Source records:
════════

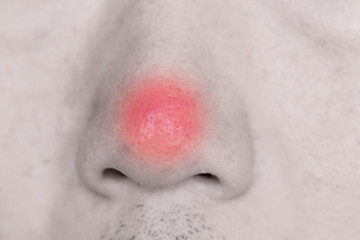 Nose Acne tip in male closeup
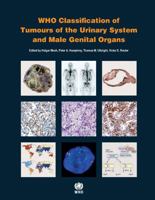 WHO Classification of Tumours of the Urinary System and Male Genital Organs 928322437X Book Cover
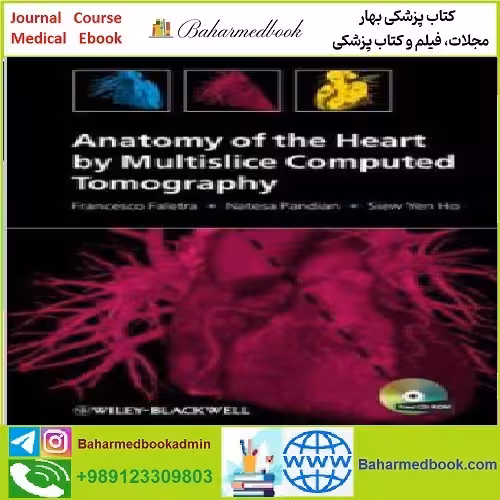 Anatomy of the Heart by Multislice Computed Tomograph TRUE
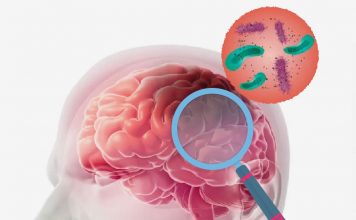 Akut Menenjit Hastasına Acil Servis Yaklaşımı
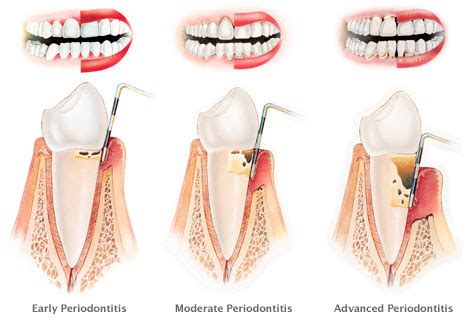Periodontics (Gum Treatment) | Dentist in Puchong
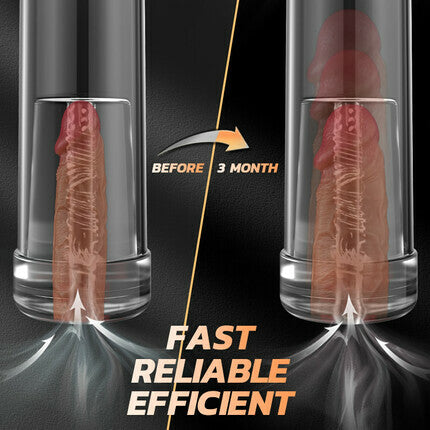 ACMEJOY - Vakuum-Saug-Penispumpe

════════

Task objective: Begin at the line containing "Periodontics (Gum Treatment)" and transcribe exactly every line through the end of the records, both ends included, leaving the pictures out.

Result below:
Periodontics (Gum Treatment) | Dentist in Puchong
 ACMEJOY - Vakuum-Saug-Penispumpe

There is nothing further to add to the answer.